Russian tanks had begun to enter the city at various points during the morning of October 24. Some units were immediately attacked by workers and students. Others were attacked after they had taken up strategic positions and opened fire. In some places, neither side opened fire. Here, students who had learnt Russian at school, were in conversation with the soldiers. It was explained that they were ordinary Hungarians - workers. A number of the young Russian soldiers seemed quite embarrassed. Perhaps they remembered some of the things they had been taught at school. Perhaps parts of 'Marxism-Leninism' did not quite accord with what was now required of them.

Increasingly bitter battles were now raging throughout Budapest: at Baross Square outside the Eastern Railway Station, by the Ferencvaros railway freight station, around the Party Buildings of the 13th District, and in the streets around the statue of General Bem, scene of the peaceful demonstrations of the previous afternoon. Tanks of the 'Union of Soviet Socialist Republics', 'workers' tanks', were firing 'workers' shells'. The bodies of Hungarian workers were being torn to pieces.

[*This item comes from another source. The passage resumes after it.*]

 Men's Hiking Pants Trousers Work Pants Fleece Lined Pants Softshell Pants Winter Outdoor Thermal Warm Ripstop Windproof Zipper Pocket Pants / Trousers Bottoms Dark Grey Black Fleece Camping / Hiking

Two of the biggest battles were at Széna Square and at the Killian Barracks. At Széna Square, in Buda, many thousands of people waited not knowing exactly what to expect or what to do. The majority were industrial workers; but there were also many students, some of them young women. This was the general social composition of the revolutionaries. There were also schoolboys and even some schoolgirls. Most of them were armed.

The main idea was to stop all cars and see who was in them. They had found that by using hundreds of barrels to barricade the middle of the roads leading into the square, they could do this with ease. There were several gunfights with the occupants of cars who opened fire as soon as they saw the barrel barricade and its armed defenders. Several people were killed and wounded. Later the barricades were strengthened when workers brought onto the streets railway coaches and wagons from a nearby goods yard. Although some wagons were loaded with goods, nothing was taken at any time - a further indication of the people's awareness of the nature of their revolution.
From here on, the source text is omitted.